____ RECORDS SUPPLIED
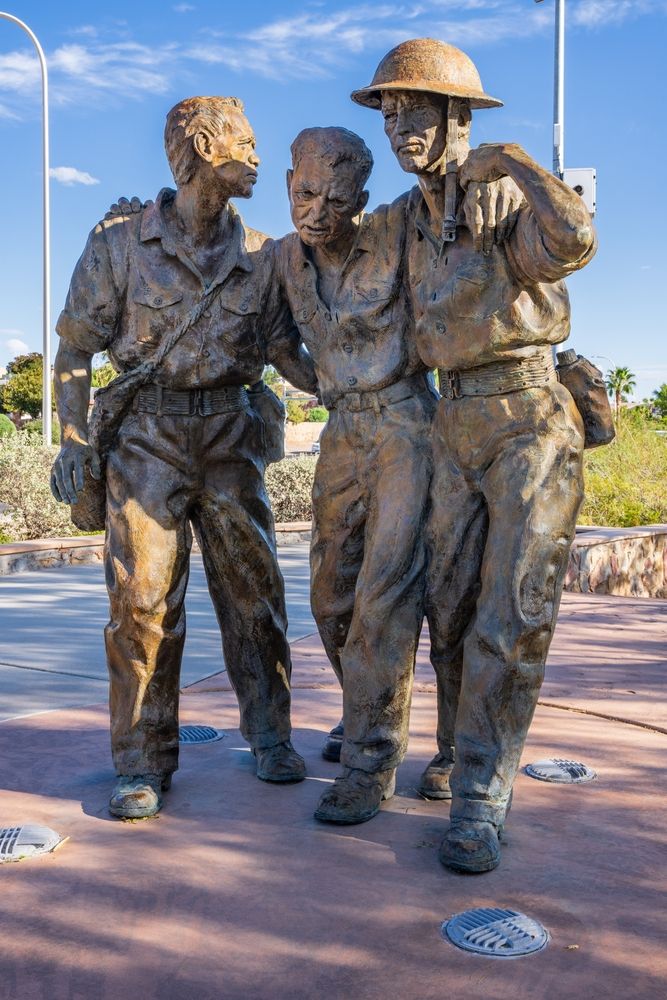 Statue of soldiers helping each other at Veterans Memorial Park
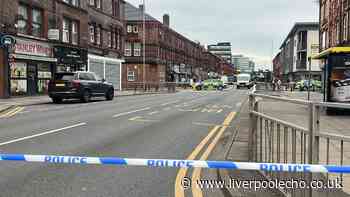 Bootle police incident live as busy road cordoned off
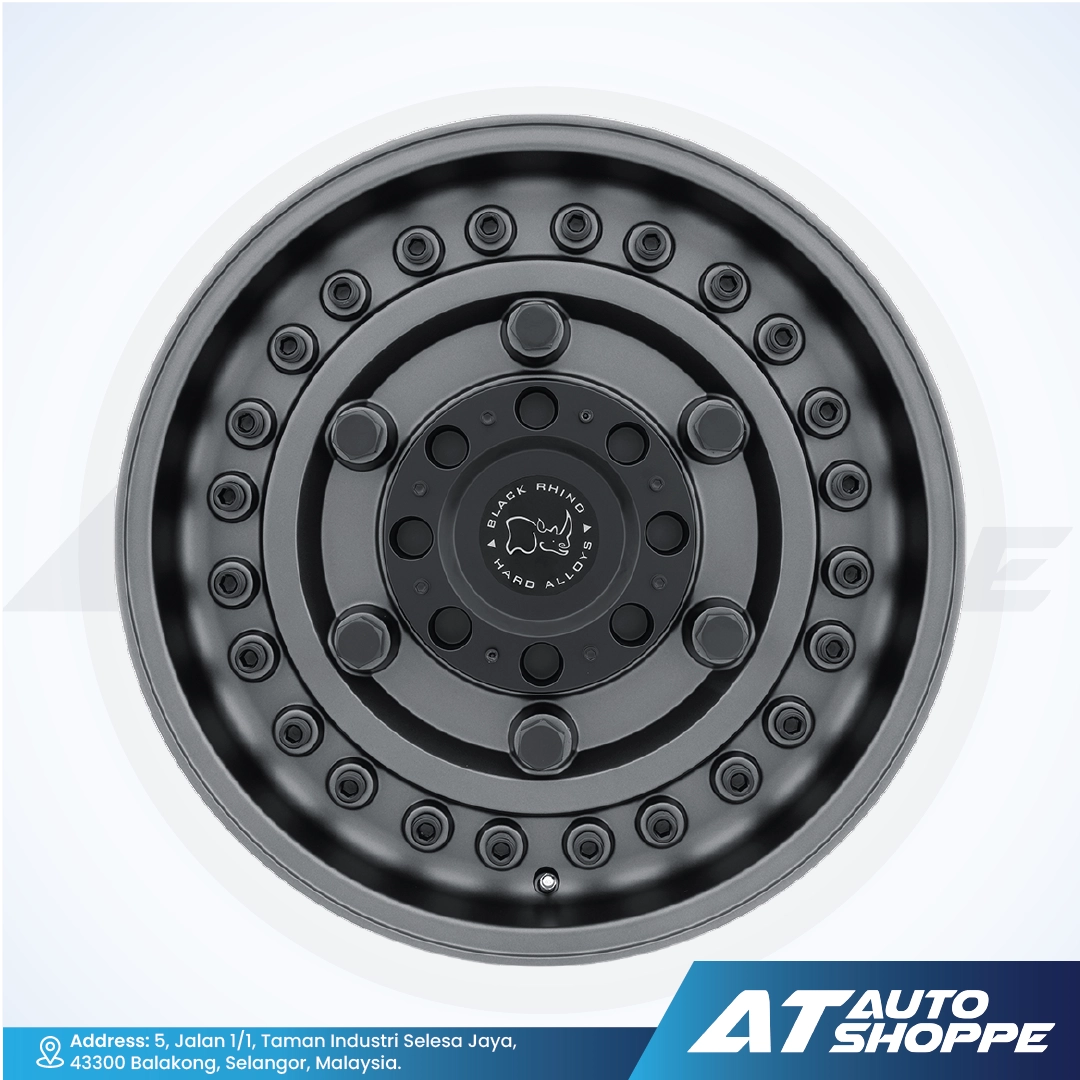 Black alloy wheel on a white background with AT Auto Shoppe branding.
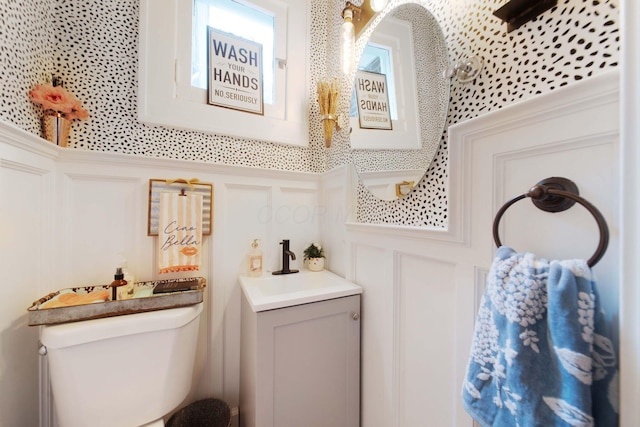2465 E Broad St, Bexley, OH 43209 - bathroom featuring a decorative wall and vanity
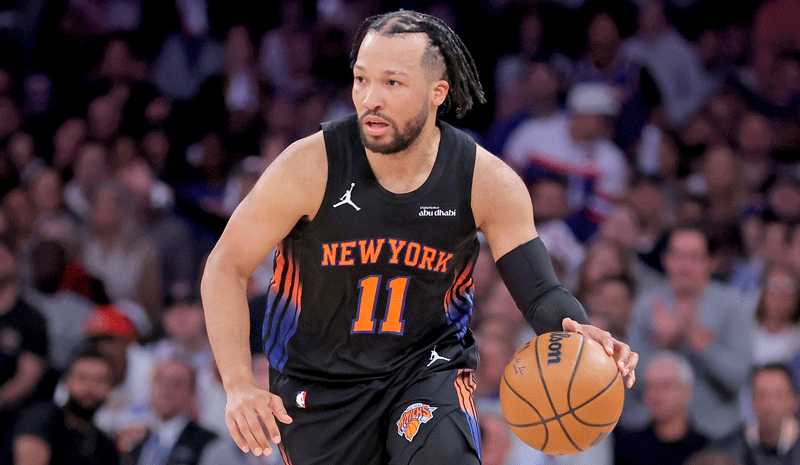 Jalen Brunson (11) controls the ball against the Atlanta Hawks.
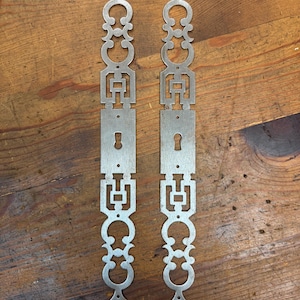 May include: Two ornate, silver-colored metal door plates with keyholes and decorative cutouts. The plates have a vertical, symmetrical design with repeating geometric and floral-inspired shapes. They are displayed on a rustic, wooden surface.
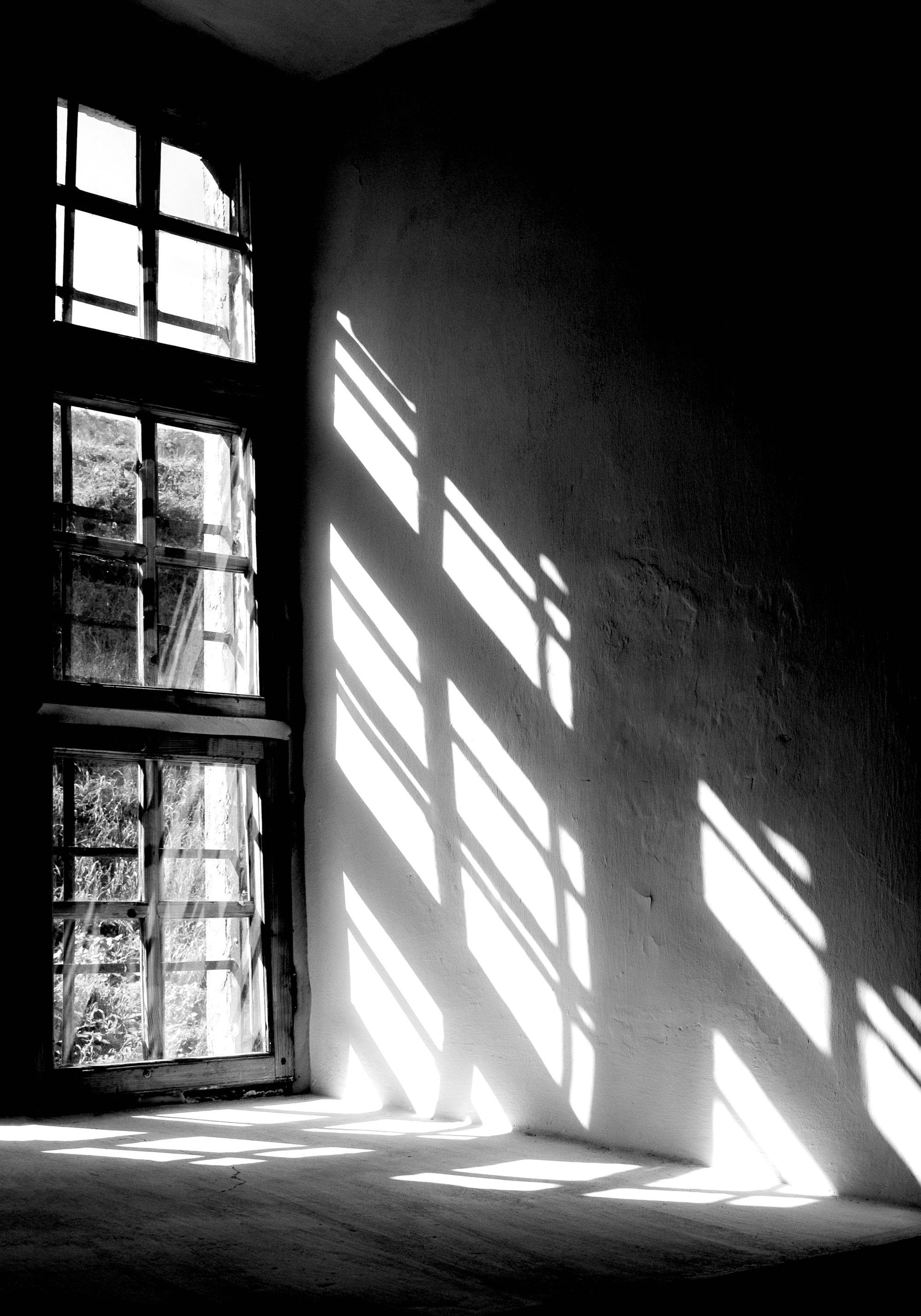 A black and white poster showing sunlight casting strong rectangular shadows from a window onto a textured wall and floor.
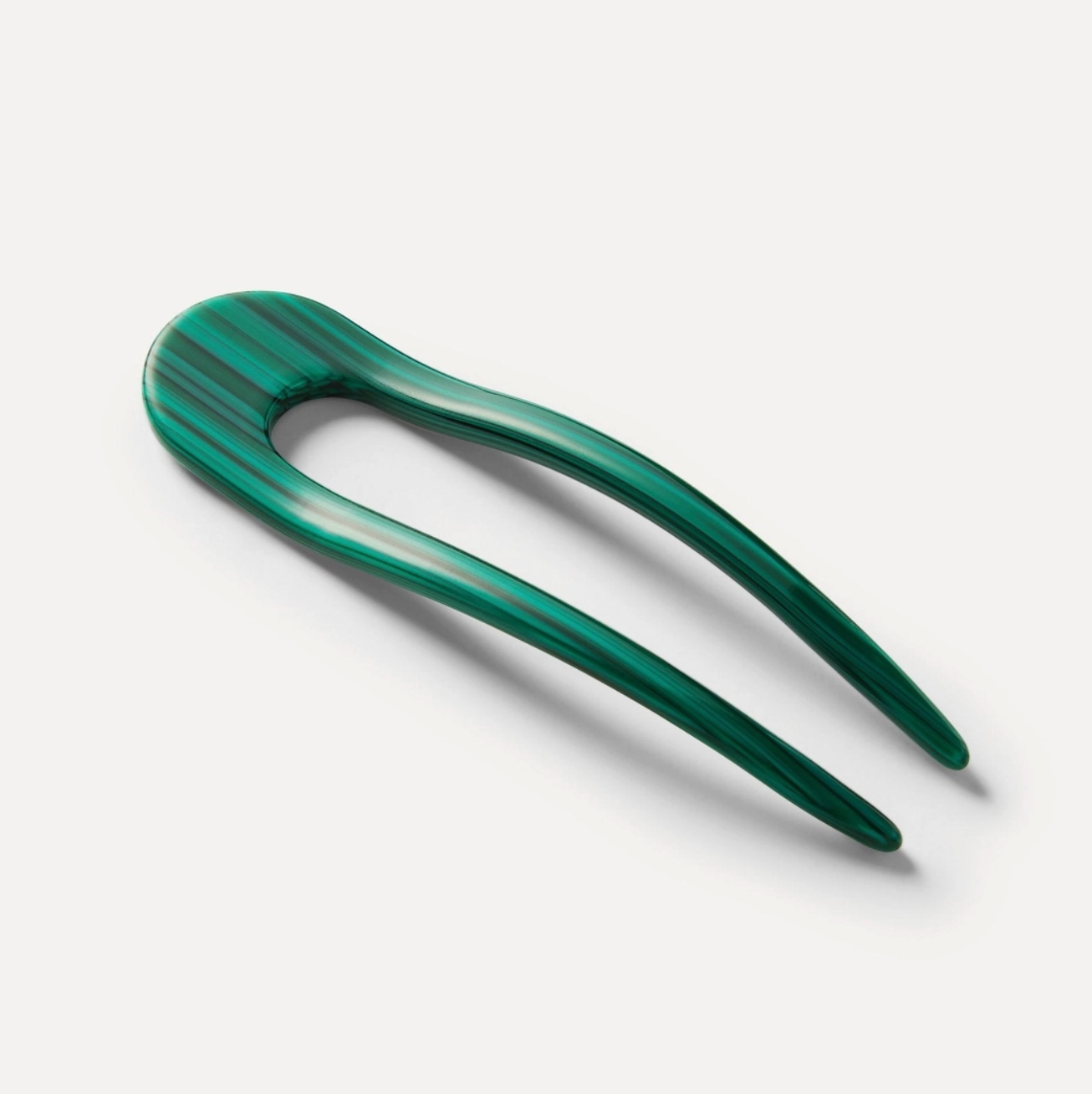 Green malachite hairpin on a white background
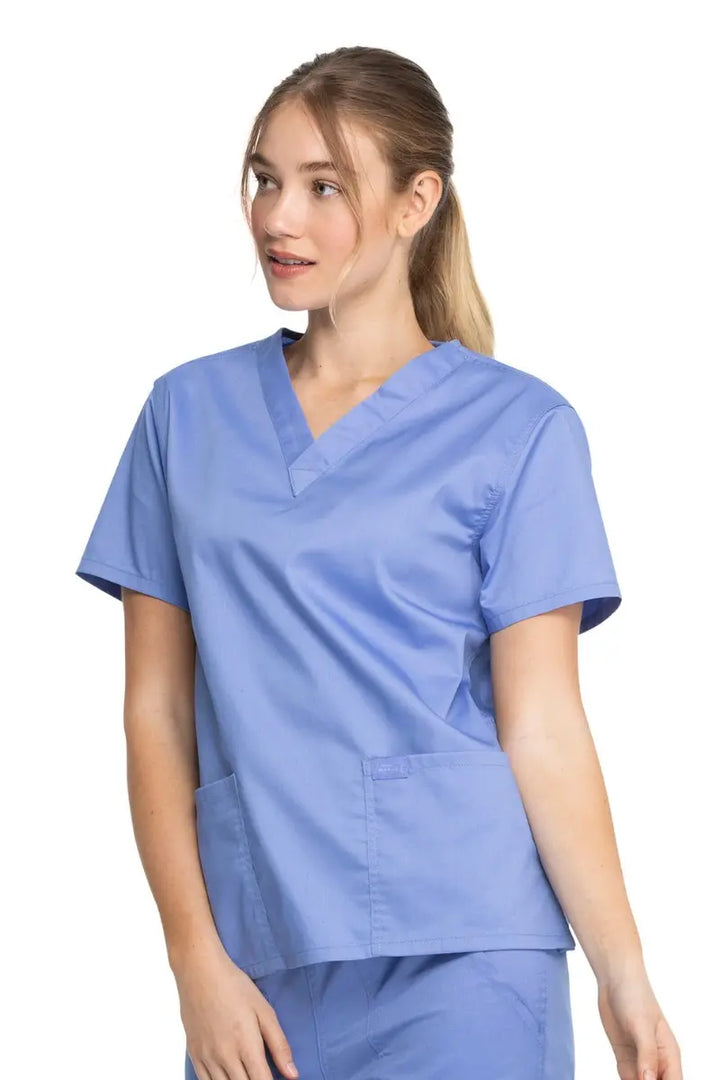 A young female Nurse wearing a Dickies Industrial Unisex V-Neck Scrub Top in Ceil Blue size Medium featuring side slits for enhanced breathability and additional range of motion throughout the day.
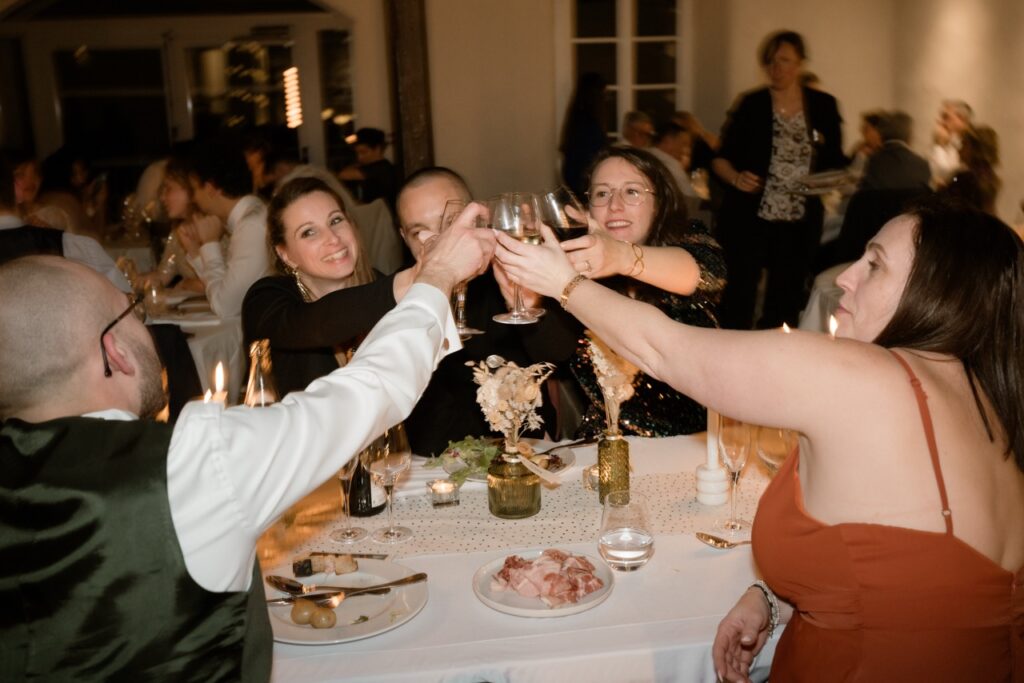 Bride, groom and guests raising glasses for a toast during the wedding dinner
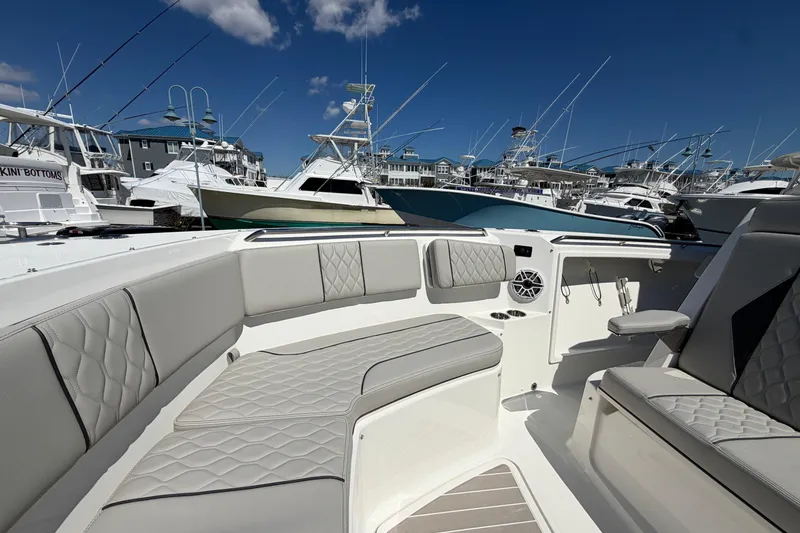 Slide: The Image of 2026 Pursuit S 358 Sport boat interior with luxurious seating in a marina setting. - 114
________
§ THE TASK: Reproduce all entries above exactly, minus the images.

§ ANSWER SPACE:
 Statue of soldiers helping each other at Veterans Memorial Park
 Bootle police incident live as busy road cordoned off
 Black alloy wheel on a white background with AT Auto Shoppe branding.
2465 E Broad St, Bexley, OH 43209 - bathroom featuring a decorative wall and vanity
 Jalen Brunson (11) controls the ball against the Atlanta Hawks.
 May include: Two ornate, silver-colored metal door plates with keyholes and decorative cutouts. The plates have a vertical, symmetrical design with repeating geometric and floral-inspired shapes. They are displayed on a rustic, wooden surface.
 A black and white poster showing sunlight casting strong rectangular shadows from a window onto a textured wall and floor.
 Green malachite hairpin on a white background
 A young female Nurse wearing a Dickies Industrial Unisex V-Neck Scrub Top in Ceil Blue size Medium featuring side slits for enhanced breathability and additional range of motion throughout the day.
 Bride, groom and guests raising glasses for a toast during the wedding dinner
 Slide: The Image of 2026 Pursuit S 358 Sport boat interior with luxurious seating in a marina setting. - 114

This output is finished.